I will make this change or not in 1.20 depending on poll results.

Thanks!
 
VAR files should use LZ4 chuck-based compression (or something similar) as it is an option for Unity AssetBundles. This allows you to load individual files without having to extract the entire archive. Since memory and CPU is much faster than disk access, even on normal SSD (*), loading compressed data should be faster or at least similar while using less disk space. Windows folder compression uses the same principle.

(*) maybe not these newer NWMe SSDs reaching like 3GB/sec speeds, but certainly normal SSD connected via SATA.

Edit: Question is of course what's the majority of data? If it is textures in JPG/PNG/etc. formats or already compressed AssetBundles, additional compression is pointless.
 
I like using ZIP for VAR files because it allows you to use popular tools on them for examining or modifying. ZIP with standard compression or no compression does not require extracting entire archive to pull out a single file. You can very efficiently pull just a single file out of large ZIP. VaM is already doing this. You can see this pretty clearly if you try out a bundle that contains a lot of textures and only load one.
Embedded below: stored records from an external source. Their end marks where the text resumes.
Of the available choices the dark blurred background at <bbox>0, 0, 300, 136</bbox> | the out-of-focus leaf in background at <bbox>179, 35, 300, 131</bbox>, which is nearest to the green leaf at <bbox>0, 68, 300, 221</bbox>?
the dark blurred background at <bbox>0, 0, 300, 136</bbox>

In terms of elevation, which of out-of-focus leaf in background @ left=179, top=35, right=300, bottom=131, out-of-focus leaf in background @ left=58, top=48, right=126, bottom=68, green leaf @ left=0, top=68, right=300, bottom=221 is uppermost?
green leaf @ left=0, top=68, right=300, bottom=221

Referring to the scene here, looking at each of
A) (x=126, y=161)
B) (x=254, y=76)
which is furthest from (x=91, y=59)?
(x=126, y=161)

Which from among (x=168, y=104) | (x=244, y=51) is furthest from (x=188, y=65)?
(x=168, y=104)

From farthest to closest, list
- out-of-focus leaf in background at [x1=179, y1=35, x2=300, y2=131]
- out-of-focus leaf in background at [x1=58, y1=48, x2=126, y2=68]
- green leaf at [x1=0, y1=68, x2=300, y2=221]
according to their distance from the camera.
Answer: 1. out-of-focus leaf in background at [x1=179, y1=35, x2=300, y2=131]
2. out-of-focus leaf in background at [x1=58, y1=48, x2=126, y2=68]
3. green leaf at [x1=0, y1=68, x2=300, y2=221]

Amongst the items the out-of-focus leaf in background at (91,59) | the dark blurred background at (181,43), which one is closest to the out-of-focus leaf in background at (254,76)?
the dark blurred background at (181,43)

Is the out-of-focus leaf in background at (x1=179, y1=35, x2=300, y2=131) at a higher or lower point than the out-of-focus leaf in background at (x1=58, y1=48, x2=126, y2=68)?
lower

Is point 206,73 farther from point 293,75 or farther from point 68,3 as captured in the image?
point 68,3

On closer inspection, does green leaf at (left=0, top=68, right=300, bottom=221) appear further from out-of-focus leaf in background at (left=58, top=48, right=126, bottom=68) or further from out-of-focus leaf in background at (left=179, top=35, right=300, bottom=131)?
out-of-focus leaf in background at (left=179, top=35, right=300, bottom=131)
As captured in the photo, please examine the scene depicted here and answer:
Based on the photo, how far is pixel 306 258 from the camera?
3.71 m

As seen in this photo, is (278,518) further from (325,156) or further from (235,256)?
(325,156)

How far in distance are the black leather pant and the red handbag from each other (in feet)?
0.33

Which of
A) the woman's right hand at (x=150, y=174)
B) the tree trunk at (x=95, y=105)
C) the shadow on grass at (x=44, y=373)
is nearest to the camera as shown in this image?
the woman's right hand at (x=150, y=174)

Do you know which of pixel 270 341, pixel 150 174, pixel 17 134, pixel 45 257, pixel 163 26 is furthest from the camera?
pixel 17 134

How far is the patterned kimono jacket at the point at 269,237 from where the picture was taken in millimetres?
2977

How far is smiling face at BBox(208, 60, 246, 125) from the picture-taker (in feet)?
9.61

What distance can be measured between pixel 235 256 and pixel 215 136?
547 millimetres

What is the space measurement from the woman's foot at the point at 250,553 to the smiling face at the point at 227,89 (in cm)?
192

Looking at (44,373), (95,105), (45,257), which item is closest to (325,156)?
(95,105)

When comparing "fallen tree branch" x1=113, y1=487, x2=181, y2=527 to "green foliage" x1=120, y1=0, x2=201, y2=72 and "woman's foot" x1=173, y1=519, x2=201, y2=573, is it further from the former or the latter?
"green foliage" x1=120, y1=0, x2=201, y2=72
This poll is asking if we should move from current default of using compressed files in the zip, to simply have the full files in the zip. By using full files, there is nearly no performance difference compared to having the files directly on disk.

Assetbundles are a different topic, and I already decided to use LZ4 compression a long while back for this reason. If I use the other compression options, Unity actually extracts a full copy of the assetbundle to your AppData folder to use for caching, making disk usage much worse (more than 2X). Uncompressed is also option for assetbundles, but I'm happy with LZ4 performance for assetbundles and it does greatly reduce their size in most cases.
 
Well I'm guessing compression may not make that much of a difference anyway. For example, I just tried compressing 4 png files, and uncompressed they weight 1.37MB, compressed they weight 1.35MB. You might want to run a few tests. For plugins I think it's really not useful, jpeg will not compress either, but wav files will as far as I know. So this is really the only time where it might be worth it.
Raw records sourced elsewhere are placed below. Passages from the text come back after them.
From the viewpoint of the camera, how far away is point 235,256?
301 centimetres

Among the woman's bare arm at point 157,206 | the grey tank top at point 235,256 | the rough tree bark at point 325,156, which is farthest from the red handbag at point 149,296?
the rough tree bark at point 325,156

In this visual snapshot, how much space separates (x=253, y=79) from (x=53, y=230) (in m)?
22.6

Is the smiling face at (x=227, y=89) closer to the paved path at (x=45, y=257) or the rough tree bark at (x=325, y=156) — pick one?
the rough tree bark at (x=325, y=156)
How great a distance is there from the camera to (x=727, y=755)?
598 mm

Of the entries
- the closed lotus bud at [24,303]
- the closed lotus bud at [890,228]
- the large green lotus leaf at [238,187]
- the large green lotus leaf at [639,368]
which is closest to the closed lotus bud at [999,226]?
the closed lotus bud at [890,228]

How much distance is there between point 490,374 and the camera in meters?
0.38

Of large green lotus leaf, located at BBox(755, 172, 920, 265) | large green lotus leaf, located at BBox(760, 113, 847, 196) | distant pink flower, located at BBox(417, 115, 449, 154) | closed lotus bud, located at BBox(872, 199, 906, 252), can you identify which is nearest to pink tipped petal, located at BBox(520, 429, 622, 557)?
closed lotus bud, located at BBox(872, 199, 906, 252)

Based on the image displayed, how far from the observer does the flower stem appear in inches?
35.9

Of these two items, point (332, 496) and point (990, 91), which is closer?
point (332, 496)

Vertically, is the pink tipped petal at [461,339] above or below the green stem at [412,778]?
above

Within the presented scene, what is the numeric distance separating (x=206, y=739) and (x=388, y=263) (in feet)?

If it's possible to only compress files we know would benefit within the same file, that could be an option (I didn't confirm), or it could be an option at the time of creation, or finally it could be determined based on total gain (e.g. you do the compression, check the size, if the gain is more than 30% or more then you take the compressed version). And even then, I'd only use the compressed version if the total weight was 200MB or more (throwing numbers here).

One last option to consider: people can zip themselves if their goal is to share a large var file.
 
Today, it is pretty obvious to me that loading a full set of character textures from a VAR is way slower than loading from disk. Someone else was just commenting on this today as well. That is what drove me to make this poll.
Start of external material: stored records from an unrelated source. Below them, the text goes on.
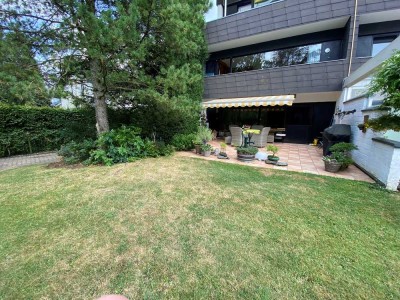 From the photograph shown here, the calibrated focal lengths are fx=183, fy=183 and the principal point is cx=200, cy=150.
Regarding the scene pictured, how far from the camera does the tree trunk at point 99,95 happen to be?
782cm

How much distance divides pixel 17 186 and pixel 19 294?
18.1 feet

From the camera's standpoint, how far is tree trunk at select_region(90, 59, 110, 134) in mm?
7820

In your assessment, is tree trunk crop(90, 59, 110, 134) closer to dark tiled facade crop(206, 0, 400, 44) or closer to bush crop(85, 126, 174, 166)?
bush crop(85, 126, 174, 166)

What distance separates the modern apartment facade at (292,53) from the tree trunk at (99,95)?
8702 millimetres

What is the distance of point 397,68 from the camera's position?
4.51 metres

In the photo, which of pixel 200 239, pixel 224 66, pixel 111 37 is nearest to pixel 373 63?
pixel 200 239

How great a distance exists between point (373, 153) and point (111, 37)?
10.2 meters

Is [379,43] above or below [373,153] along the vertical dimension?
above

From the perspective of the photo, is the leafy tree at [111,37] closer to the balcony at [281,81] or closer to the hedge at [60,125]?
the hedge at [60,125]

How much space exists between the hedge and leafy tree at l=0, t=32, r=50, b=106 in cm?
558

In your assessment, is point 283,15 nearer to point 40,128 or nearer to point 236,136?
point 236,136

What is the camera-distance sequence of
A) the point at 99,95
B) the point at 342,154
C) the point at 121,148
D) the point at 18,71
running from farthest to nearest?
the point at 99,95 < the point at 121,148 < the point at 342,154 < the point at 18,71

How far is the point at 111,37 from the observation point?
6.01 metres

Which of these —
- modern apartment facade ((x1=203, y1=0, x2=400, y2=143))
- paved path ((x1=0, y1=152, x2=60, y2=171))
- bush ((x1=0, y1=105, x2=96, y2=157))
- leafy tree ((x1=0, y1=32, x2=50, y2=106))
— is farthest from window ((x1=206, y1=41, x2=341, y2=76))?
paved path ((x1=0, y1=152, x2=60, y2=171)) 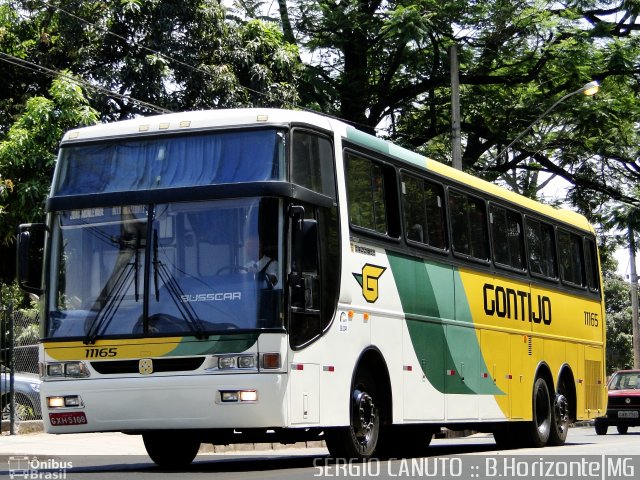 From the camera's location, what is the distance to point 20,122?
23.2m

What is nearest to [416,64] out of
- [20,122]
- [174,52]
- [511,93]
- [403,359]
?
[511,93]

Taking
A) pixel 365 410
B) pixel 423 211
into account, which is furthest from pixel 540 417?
pixel 365 410

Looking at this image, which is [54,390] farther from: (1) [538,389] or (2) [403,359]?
(1) [538,389]

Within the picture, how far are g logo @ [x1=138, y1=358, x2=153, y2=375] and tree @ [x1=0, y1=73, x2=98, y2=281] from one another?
36.5ft

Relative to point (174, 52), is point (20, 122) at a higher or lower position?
lower

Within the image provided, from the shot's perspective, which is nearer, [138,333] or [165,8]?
[138,333]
I might just offer a way to turn vars into uncompressed versions using the Package Manager (kind of like Unpack now, but leave everything inside the VAR) to offer same performance as unpacked, but in neater form.
 
Tangentially-related, something I'd really love to see is a way to optimize the textures within a VAC or VAR in-game, either natively or via a plugin. I wrote a php script to do it on my own install for newly-added clothing files, because I just don't need a 40mb normal file And for most clothing items 512x512 is barely distinguishable from 4096x4096 on my non-Pro VIVE. But if at some point there were an option to do this in-game it would be fantastic.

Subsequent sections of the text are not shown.